最初にはじまったのは、第二次世界大戦の後、戦争のあとです、さまざまな要因があるでしょう、あれた土地、戦争に若い男性を取られ人口構成の変化、GHQによる統制・圧力、日本という国の枠組みが変わったといっても過言ではないでしょう。

現在も常に話題となる憲法改正もその時、敗戦国日本としてGHQの影響下でつくられたものです、おっと話が別の方向にそれそうなのでもとに戻しましょう。

輸入ですから、関税に大きな影響を受けます、今でもアメリカをはじめあらゆる国で、その活用をパワーバランスにも使われています。(これもまた、横道にそれそうなので、詳しくはググってください??)

肉の輸入自由化は、どんな道筋で日本きたのか?
1962年に、鶏肉・羊肉が貿易自由化に、1971年には、豚肉の自由化、1991年には、牛肉の自由化がはじまったわけです。言うまでもなく供給量が増えれば、消費が増えます、そう安くなるからですよね。また、食の欧米化が進んでいることから、食肉をより多く消費するようになりました。

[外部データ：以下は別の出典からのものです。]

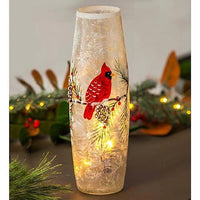 Vase Cylindique - Noel - avec cardinal peint à la main & lumière à l'intérieur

どのくらいの消費の変化があったかというと、1960年には1人1年当たりの食肉(牛肉・豚肉・鶏肉)供給量はわずかに3・5kgでしたが、2013年はその 10 倍の 30 kgとなりました、50年での大きな変化です。
お肉を愛する私としては、自分の幼少期からの成長とともにこの時代を過ごしてきました。まさに実体験をしながら育ってきたわけです。
日々の食事の中で、野菜と魚中心の食生活から、次第に鶏肉、豚肉が食卓に上がる頻度が増えてきます。でも牛肉の登場は少なく、牛肉の日にはテンションが上った記憶があります。

肉の輸入自由化が、とりわけ消費に影響を与えた出来事は

というわけで、食肉の消費に大きな影響を与えた出来事といえば、肉の輸入自由化がありますが、1991年の牛肉の自由化が、大きなひとつです。
高嶺の花と思われていた、牛肉が安くなったのですから。

強く覚えていること、学生時代に一人暮らし・自炊の貧乏学生であった私はスーパーに買い物に行けば安いものさがしです。魚売場に行けばたまの贅沢は、マグロの切落し、食べ盛りの肉売場は、鶏肉か豚の切り落としでした。その横の売場に広告商品として販売されている牛小間肉をかっていく主婦の姿を羨ましく目で追ったものです。

そのときには考えられない時代となったのです。輸入牛肉の消費が増加、影響で国産牛肉の価格も下がり、庶民の生活に牛肉が普通にはいってきたのでした。
そしてもう一つ、2001年に日本、2003年に米国でそれぞれ発生したBSE(牛海綿状脳症)です。

それまで伸び続けていた牛肉の消費は大きく減退し、BSEの発生から 10年余が過ぎ、2013年には、国際獣疫事務局(OIE)から「無視できるBSEのリスクの国」と日本は認定されました。しかしながら、牛肉の消費量は回復傾向にあるとはいえ、BSE発生前の消費量には及びません。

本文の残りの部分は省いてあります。